* [Your goal]: Write out the line that contains "Rote Military Hülle", then every following line to the end of the records below, with no other lines and no changes.

Stored data
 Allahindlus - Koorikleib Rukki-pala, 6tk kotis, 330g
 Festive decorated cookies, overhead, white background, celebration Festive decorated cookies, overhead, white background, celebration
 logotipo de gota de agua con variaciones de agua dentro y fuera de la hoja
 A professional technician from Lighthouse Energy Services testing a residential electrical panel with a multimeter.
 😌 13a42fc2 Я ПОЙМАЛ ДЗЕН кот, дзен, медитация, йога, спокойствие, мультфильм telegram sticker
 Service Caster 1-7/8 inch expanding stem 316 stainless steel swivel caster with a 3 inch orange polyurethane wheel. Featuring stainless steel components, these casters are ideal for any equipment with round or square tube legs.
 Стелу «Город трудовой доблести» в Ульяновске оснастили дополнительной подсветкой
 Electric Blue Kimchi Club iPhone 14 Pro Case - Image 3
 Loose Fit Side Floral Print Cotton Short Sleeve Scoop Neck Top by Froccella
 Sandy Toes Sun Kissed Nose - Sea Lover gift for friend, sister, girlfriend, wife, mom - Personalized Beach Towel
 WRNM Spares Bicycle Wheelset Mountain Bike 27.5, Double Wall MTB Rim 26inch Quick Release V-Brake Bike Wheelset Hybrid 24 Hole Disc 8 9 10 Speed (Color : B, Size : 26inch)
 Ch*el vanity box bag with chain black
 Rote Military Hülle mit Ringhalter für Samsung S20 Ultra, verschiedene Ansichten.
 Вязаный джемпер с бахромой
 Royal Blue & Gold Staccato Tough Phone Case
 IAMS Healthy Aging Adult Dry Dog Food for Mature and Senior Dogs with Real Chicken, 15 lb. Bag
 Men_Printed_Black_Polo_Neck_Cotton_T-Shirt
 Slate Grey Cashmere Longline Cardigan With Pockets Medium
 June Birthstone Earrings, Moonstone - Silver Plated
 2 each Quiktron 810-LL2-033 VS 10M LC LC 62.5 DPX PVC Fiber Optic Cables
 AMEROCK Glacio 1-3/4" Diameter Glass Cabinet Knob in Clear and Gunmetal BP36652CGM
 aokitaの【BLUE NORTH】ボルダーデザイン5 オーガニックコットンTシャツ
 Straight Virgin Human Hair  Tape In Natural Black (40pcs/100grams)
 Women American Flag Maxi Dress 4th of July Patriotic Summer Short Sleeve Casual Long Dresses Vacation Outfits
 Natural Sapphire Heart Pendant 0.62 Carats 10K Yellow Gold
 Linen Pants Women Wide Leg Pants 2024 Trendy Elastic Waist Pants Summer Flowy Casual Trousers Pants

* [Answer space]:
 Rote Military Hülle mit Ringhalter für Samsung S20 Ultra, verschiedene Ansichten.
 Вязаный джемпер с бахромой
 Royal Blue & Gold Staccato Tough Phone Case
 IAMS Healthy Aging Adult Dry Dog Food for Mature and Senior Dogs with Real Chicken, 15 lb. Bag
 Men_Printed_Black_Polo_Neck_Cotton_T-Shirt
 Slate Grey Cashmere Longline Cardigan With Pockets Medium
 June Birthstone Earrings, Moonstone - Silver Plated
 2 each Quiktron 810-LL2-033 VS 10M LC LC 62.5 DPX PVC Fiber Optic Cables
 AMEROCK Glacio 1-3/4" Diameter Glass Cabinet Knob in Clear and Gunmetal BP36652CGM
 aokitaの【BLUE NORTH】ボルダーデザイン5 オーガニックコットンTシャツ
 Straight Virgin Human Hair  Tape In Natural Black (40pcs/100grams)
 Women American Flag Maxi Dress 4th of July Patriotic Summer Short Sleeve Casual Long Dresses Vacation Outfits
 Natural Sapphire Heart Pendant 0.62 Carats 10K Yellow Gold
 Linen Pants Women Wide Leg Pants 2024 Trendy Elastic Waist Pants Summer Flowy Casual Trousers Pants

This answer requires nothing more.